Se acercó el botones:

—Le llaman al teléfono.

—¿A mí? ¿Quién es?

—No ha dicho.

—Vuelvo en seguida, Ángel.

—Sí, oye tú, date prisa, que decidamos lo que sea, porque se nos va a hacer tarde.

—No, hombre. Con la moto estamos en seguida. Si además no hay nada que decidir. Tú te vienes conmigo a la barrera y tu entrada para mi tío.

—Bueno anda, pues despacha pronto.

Se quedó solo el aviador, mirando alejarse al otro entre las mesas. De la de al lado se levantaron una mujer morena con un traje de seda brillante muy estrecho y un señor canoso.

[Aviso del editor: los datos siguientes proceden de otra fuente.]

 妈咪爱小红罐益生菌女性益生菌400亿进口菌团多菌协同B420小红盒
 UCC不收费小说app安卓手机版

«Estupenda tarde, desde luego; hoy vamos a ver cosas buenas», iba diciendo el señor, que salía delante mordiendo su puro. Ella se demoró un poco estirándose el vestido por las caderas. Al pasar al lado del aviador, le tropezó la silla y se inclinó hacia él imperceptiblemente.

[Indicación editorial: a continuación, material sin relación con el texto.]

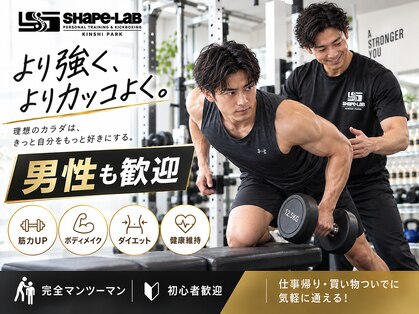 シェイプラボ 錦糸公園店の写真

—Adiós, Ángel, orgulloso —le murmuró.

Atufaba a perfume francés. Un instante le sostuvo él la mirada entre pestañas y le mandó alargando el cuello una bocanada de humo con gesto de beso. Unos pasos más allá, el señor del puro le plantó la mano, a ella, en el brazo desnudo, muy cerca del sobaco.

Ángel volvió los ojos a la fotografía que había quedado encima de la mesa. Sacó la cartera, pero antes de guardarla todavía la volvió a mirar. La chica estaba de perfil y se le veían unas pestañas larguísimas. Abajo ponía la firma «Gertru», en letra redondilla esmerada. Se le pusieron ojos soñadores, de codos en la mesa, esperando al amigo. Por la ventana se veían los soportales de la plaza, en primer término, y más allá el sol durísimo contra los adoquines. Pasó un autobús naranja atestado de personas que iban a los toros.

—Venga, ya estoy. Cuando quieras —dijo Manolo llegando.

—Has tardado poco. ¿Quién te llamaba?

—No sé. Han colgado cuando me he puesto. Alguna equivocación.